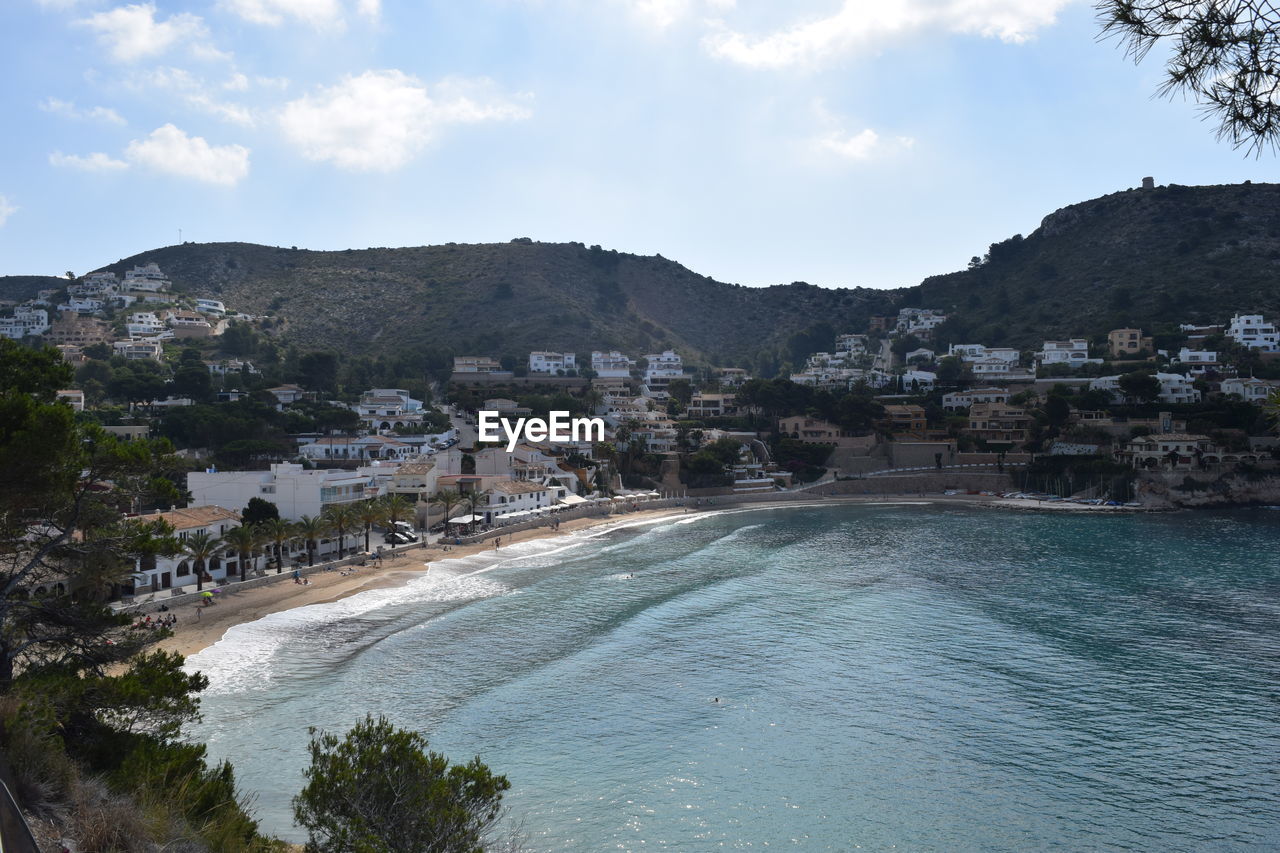 Scenic view of sea by town against sky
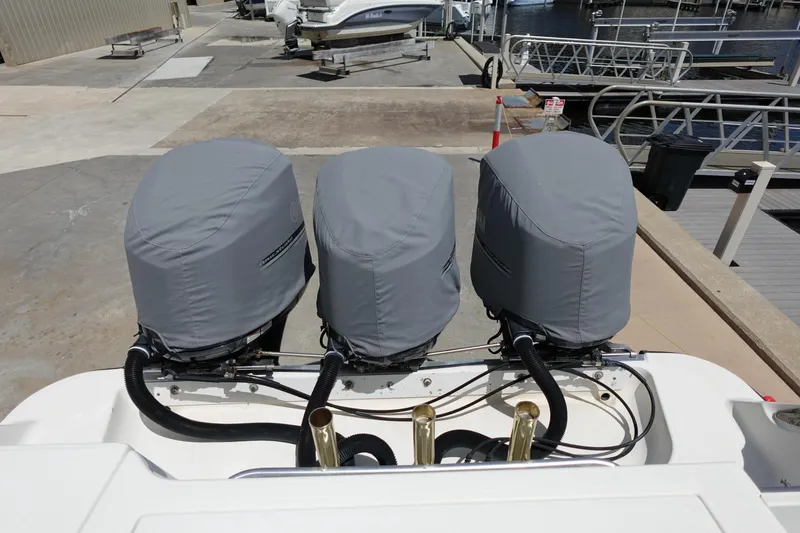 Slide: The Image of 2005 Hydra-Sports Vector 3300 CC with triple covered outboard engines at a marina. - 10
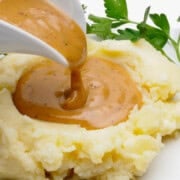 Vegan gluten-free gravy being poured onto mashed potatoes.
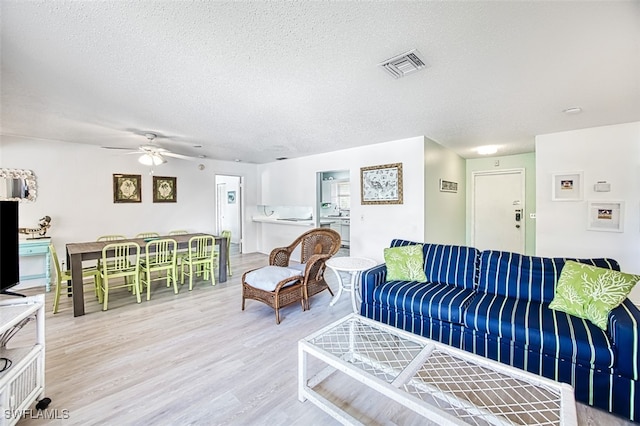 living room with ceiling fan, a textured ceiling, and light wood-type flooring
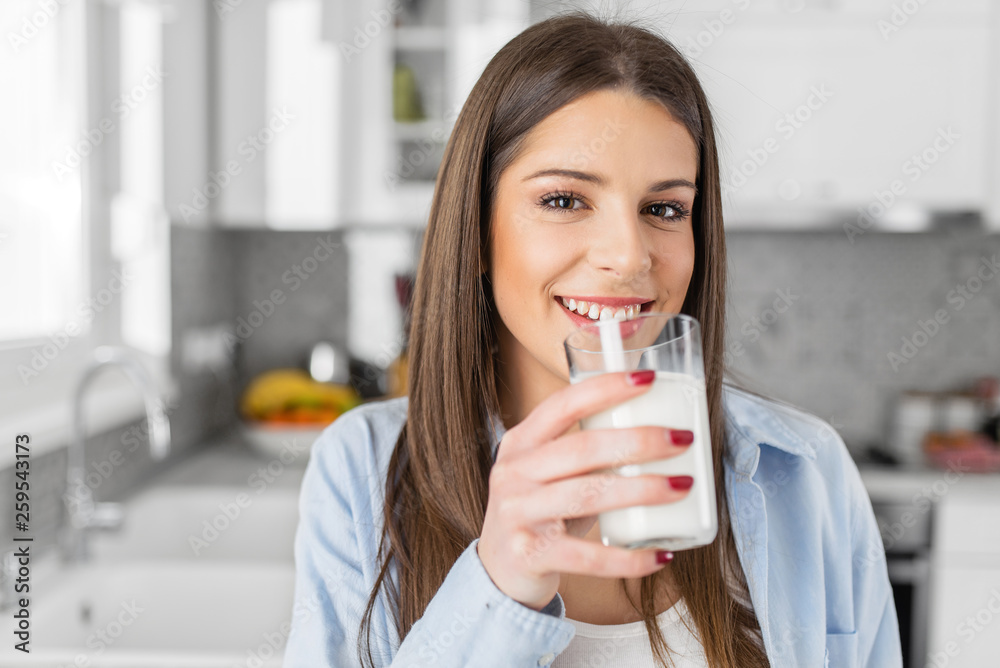 Close up of happy young woman drinking milk. - obrazy, fototapety, plakaty 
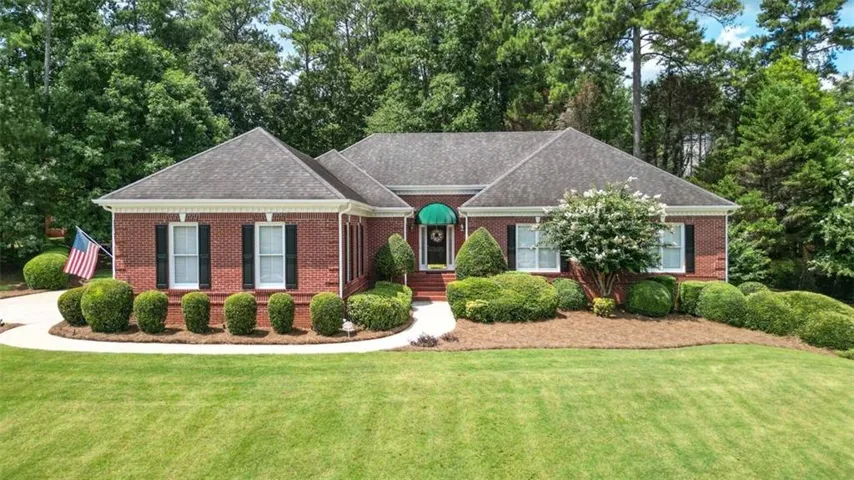 Brick exterior with a dark asphalt shingle roof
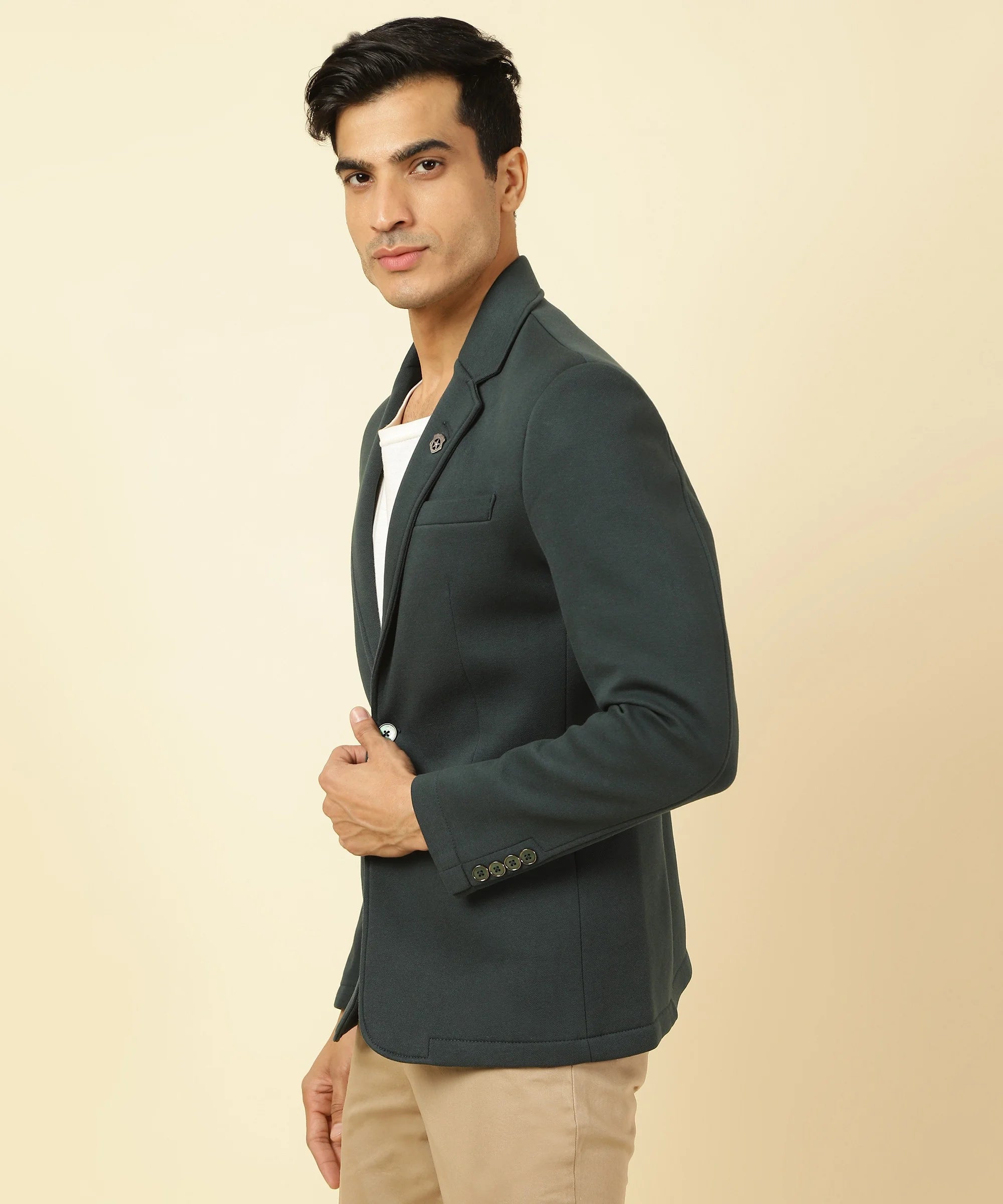 Discover the on-trend Men's Shadow Green Knitted Blazer with Notched Lapel by Fort Collins, available for purchase online from anywhere in India. Expand your wardrobe with this stylish piece today!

******************************

Only one thing is wanted here, an exact copy of the lines from the first line above through the line containing "Vegan gluten-free gravy", minus any picture.

• **WORKED SOLUTION**
 Scenic view of sea by town against sky
 Slide: The Image of 2005 Hydra-Sports Vector 3300 CC with triple covered outboard engines at a marina. - 10
 Vegan gluten-free gravy being poured onto mashed potatoes.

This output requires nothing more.